**Your instructions**. Return every line from the one with "Autobahn in Deutschland" through the one with "Утримувач універсальний на", inclusive, exactly as it appears below.

[Opening Task input section]

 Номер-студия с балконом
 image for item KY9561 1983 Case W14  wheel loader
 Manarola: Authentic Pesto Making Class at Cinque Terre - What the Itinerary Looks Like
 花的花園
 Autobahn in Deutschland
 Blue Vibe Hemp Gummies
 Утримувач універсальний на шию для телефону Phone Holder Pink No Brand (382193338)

[Closing Task input section]
[Opening Task input section]

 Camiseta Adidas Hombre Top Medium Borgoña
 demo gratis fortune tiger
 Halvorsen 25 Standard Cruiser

[Closing Task input section]

**Answer**.
 Autobahn in Deutschland
 Blue Vibe Hemp Gummies
 Утримувач універсальний на шию для телефону Phone Holder Pink No Brand (382193338)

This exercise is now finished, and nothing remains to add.